Moreover, money supply in China is up the most since last April and new Chinese loans exceeded the estimates of all 18 Bloomberg economists. M2 rose 13.6 percent, the fastest pace since July.
Bloomberg reports China Stocks Rise Most in 3 Months on Loan, Money Data
(Excerpt) Read more at finance.townhall.com ...
The parallels to Japan are amazing.
We know how that finished.
Empty chinese cities = Japanese gold-flake sake, eating sushi off nude girl.
Now the party, but soon comes the hang-over.
Many people don’t understand the corner China is painted into by the fixed exchange rate.
In order to buy all dollars that are presented to the central bank for exchange, they have to come up with huge amounts of Chinese money. The only way to get it is to print it. So when we create money over here, the inflation produced shows up in China.
Country Comparison: Current Account Balance
This entry records a country's net trade in goods and services, plus net earnings from rents, interest, profits, and dividends, and net transfer payments (such as pension funds and worker remittances) to and from the rest of the world during the period specified. These figures are calculated on an exchange rate basis, i.e., not in purchasing power parity (PPP) terms.
[...]
1 China $ 305,400,000,000 2010 est.
[...]
197 United States $ -470,200,000,000 2010 est.

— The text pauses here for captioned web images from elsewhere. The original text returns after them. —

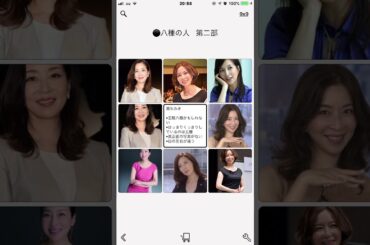 八種の人 第二部 吉高由里子 ほか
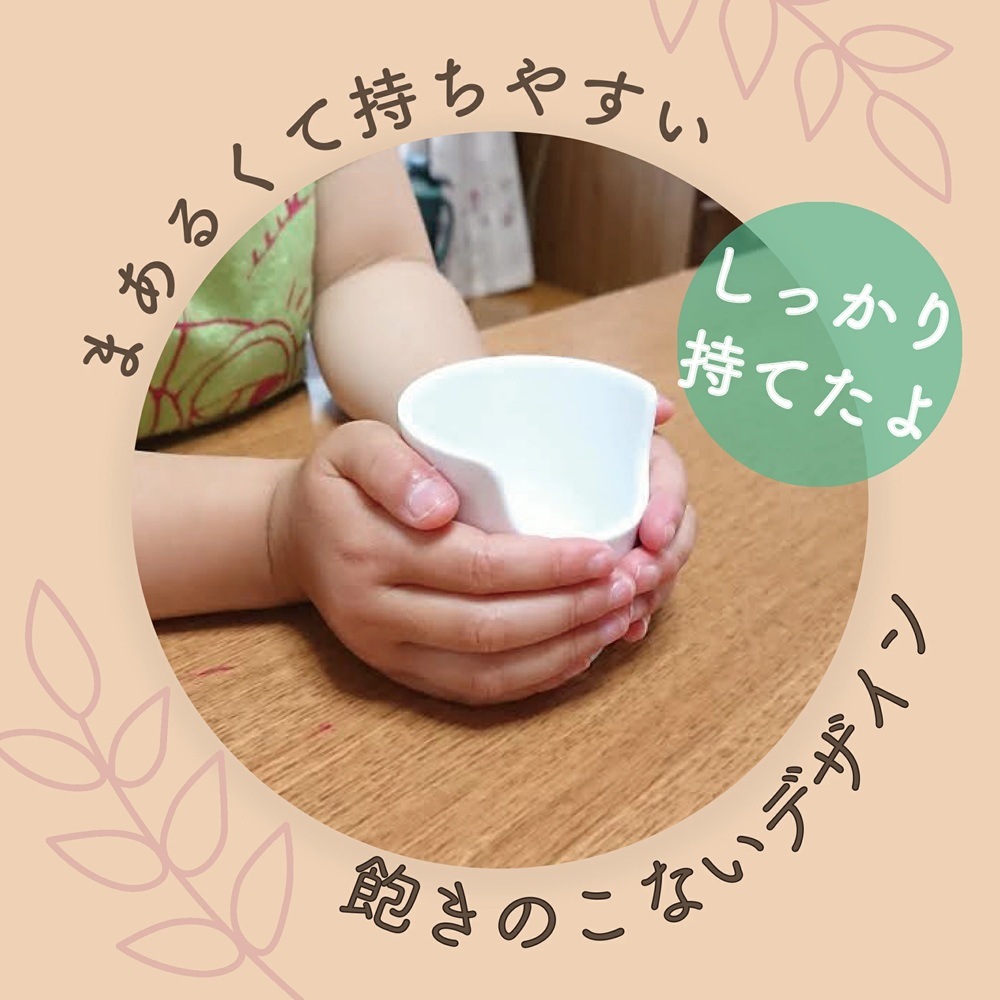 強化磁器【あんしんコップ】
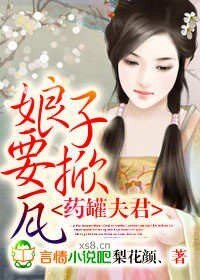 《药罐夫君,娘子要掀瓦》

Yeah, but it is their choice and it's biting them in the rear. The inflation is causing prices and wages to rise so quickly that their vaunted trade surplus is being whittled away as they lose their advantage and as imported goods look more and more attractive to the Chinese consumer.
Well, consider the alternative. They price themselves out of the market, large numbers of workers become unemployed. Angry men start gathering on street corners discussing their grievances with the government, and....
Money supply is up. Credit is loose. They are setting themselves up for an overheated economy followed by a contraction and a recession.
When the elephants fight; the monkeys flee.